Because they move fast, think sharp, and expect excellence.
They can’t understand why others “don’t get it.”
They grow frustrated. Impatient. Cold.
They hide behind standards and say:
“I just have high expectations.”
“I don’t tolerate mediocrity.”
Here’s the real reason:
The faster you run, the easier it is to forget how hard it was to walk.
The higher you climb, the harder it is to see those still on the ground.
You must have seen it:
– The 10x engineer who belittles juniors in tech.
– The partner who’s brilliant but condescending in consulting.
– The founder obsessed with scaling, not sustaining, in startups.
– The top trader who treats colleagues like tools in finance.
Their performance is elite.
But their leadership?
Deficient.
Google’s Project Aristotle proved this years ago.
They studied 180+ teams to find what made the best teams thrive.
It wasn’t IQ, credentials, or even high individual performance.
The #1 factor? Psychological safety.
The ability to feel safe to speak up, fail, ask, admit, and question.
And that only exists when there’s compassion in the culture.

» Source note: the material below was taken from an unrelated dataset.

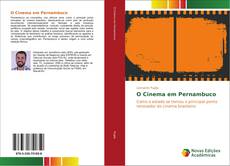 Buchcover von O Cinema em Pernambuco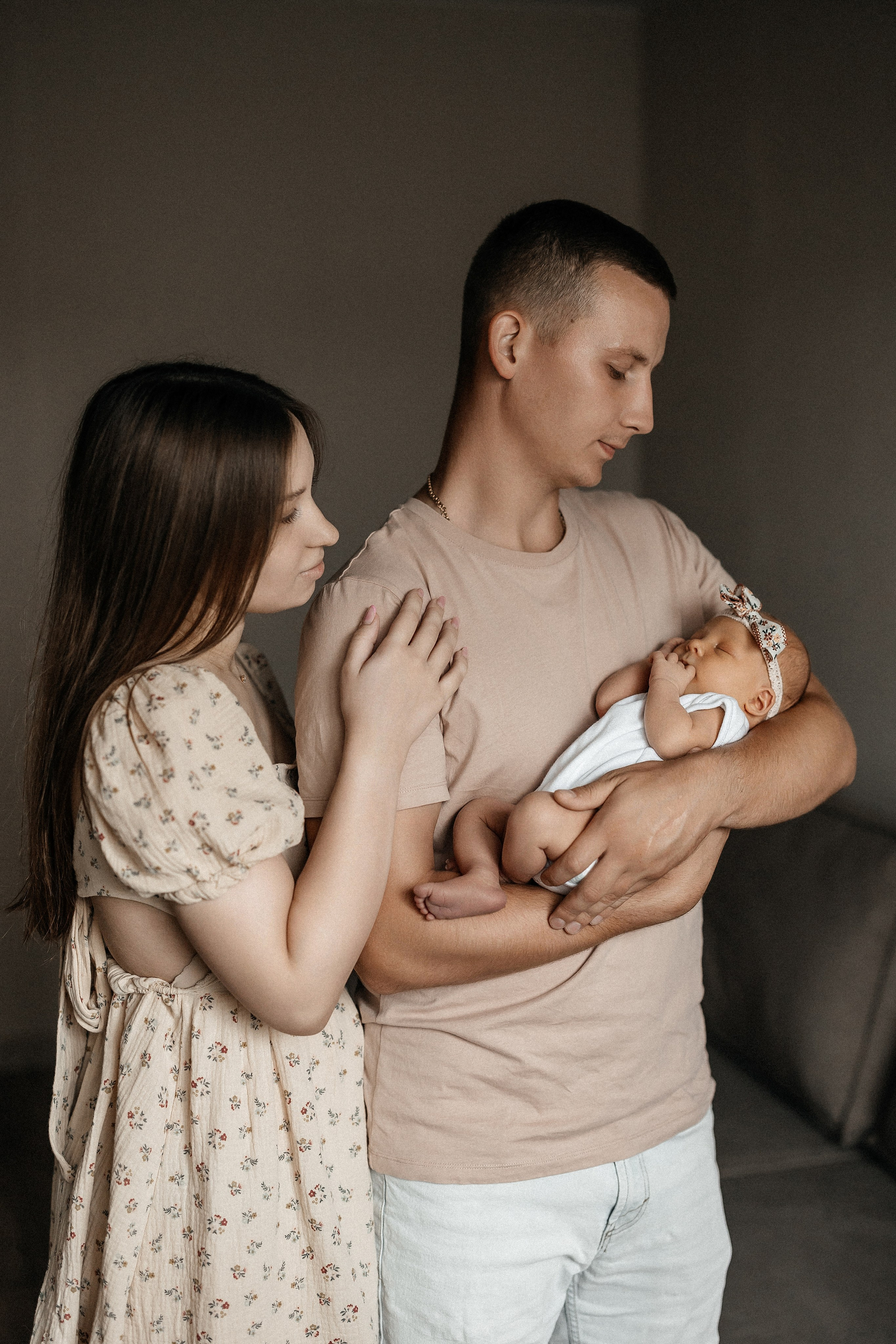 Новорожденные | HOME. Свадебный и семейный фотограф в Омске Евгения Хакимова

High performance without psychological safety creates fear.
High performance with safety creates innovation.
So here’s the real competitive edge:
Compassion isn’t a soft skill. It’s a scaling strategy.
TL;DR:
High performers who lack compassion limit others.
Those who build it into their leadership? They unlock everyone.
“Have you worked with someone who was brilliant but emotionally blind?
Start today:
Ask someone on your team what’s slowing them down and listen.”